# What is being asked
Output the listing below verbatim, but drop the images.

# Material provided
*** Block opens ***

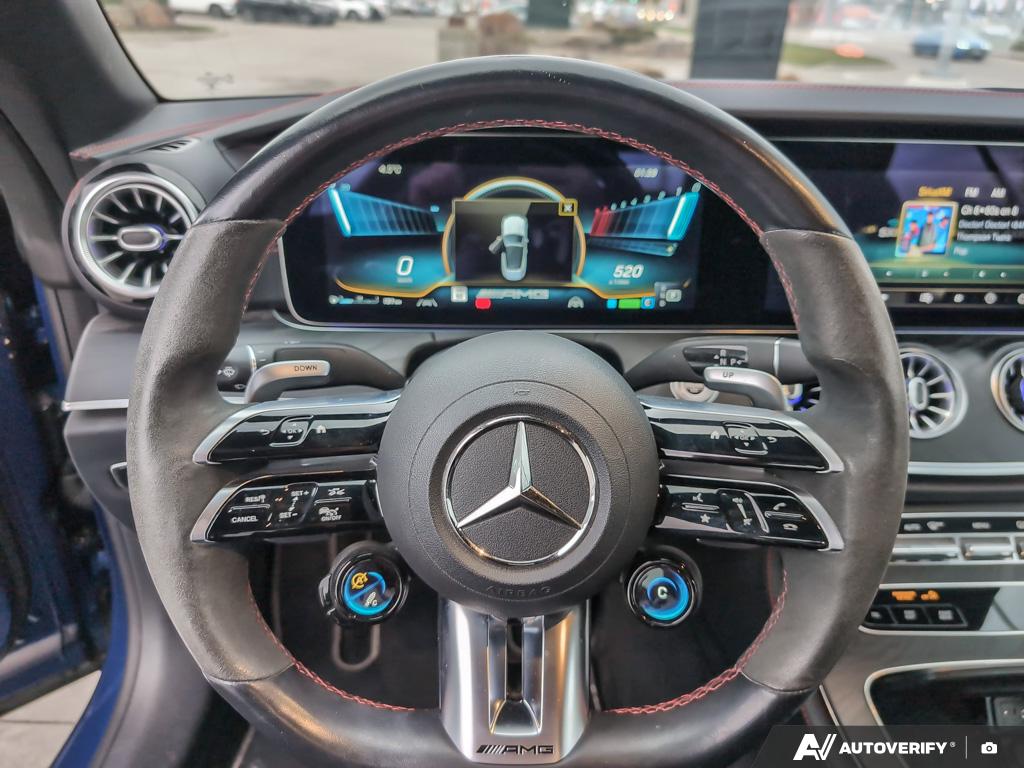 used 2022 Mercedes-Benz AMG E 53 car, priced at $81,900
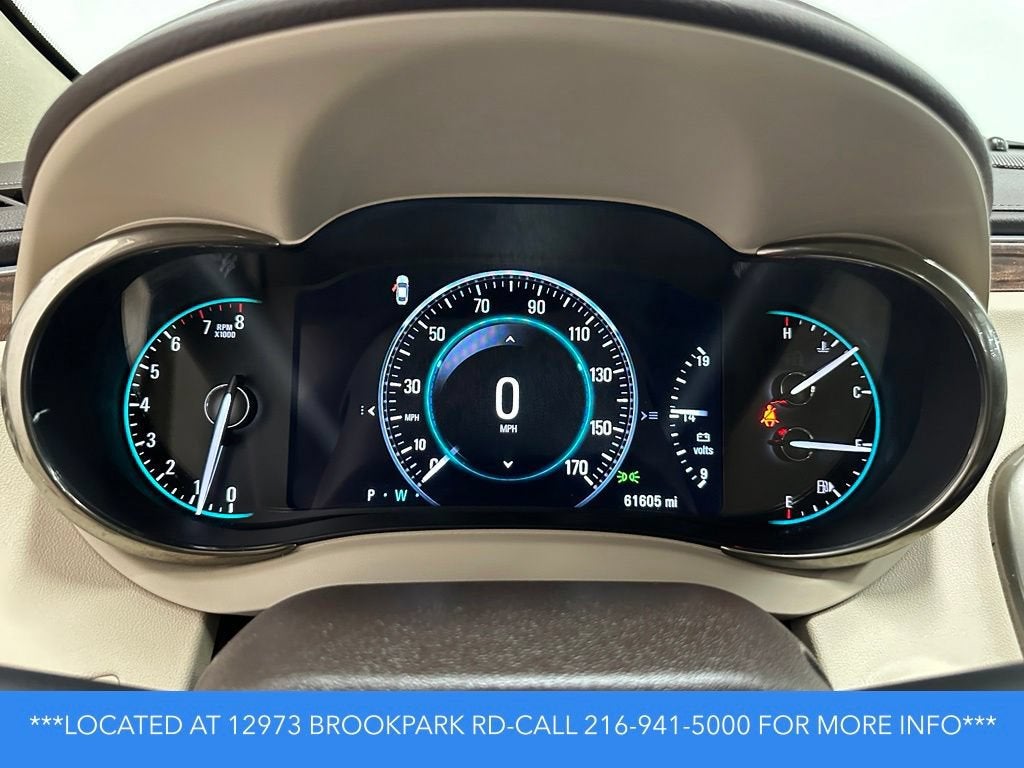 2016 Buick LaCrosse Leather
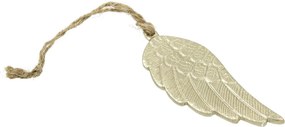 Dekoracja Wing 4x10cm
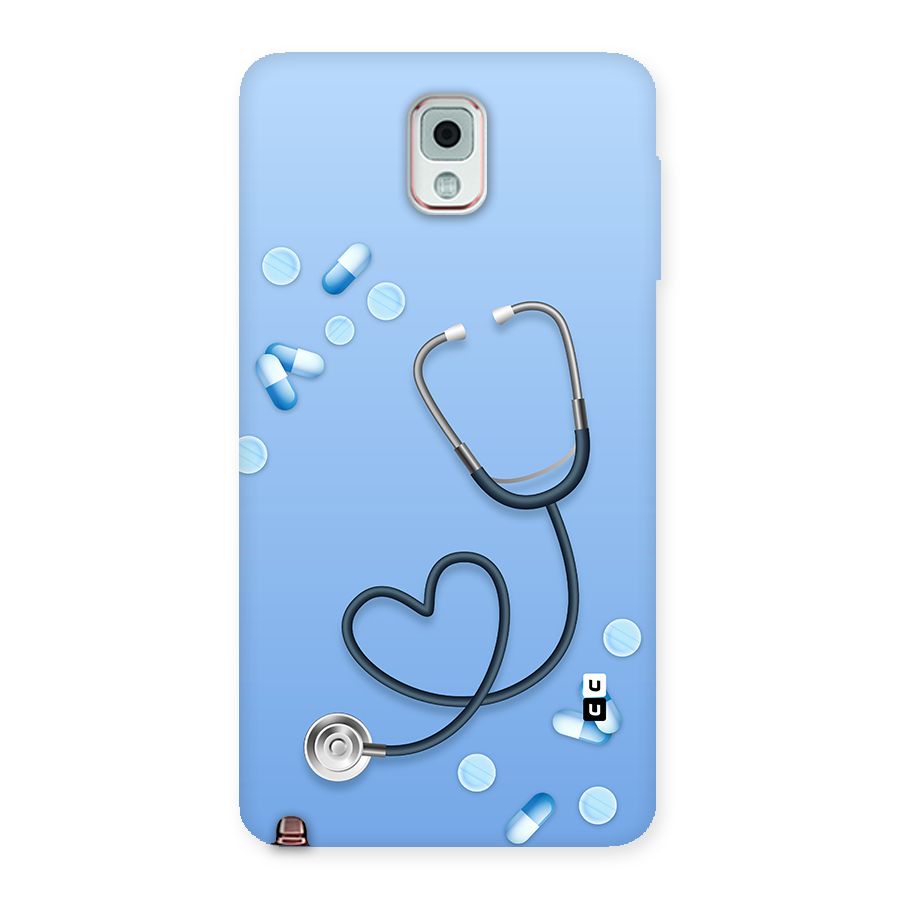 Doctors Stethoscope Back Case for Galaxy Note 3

*** Block closes ***

# Task output
 used 2022 Mercedes-Benz AMG E 53 car, priced at $81,900
 2016 Buick LaCrosse Leather
 Dekoracja Wing 4x10cm
 Doctors Stethoscope Back Case for Galaxy Note 3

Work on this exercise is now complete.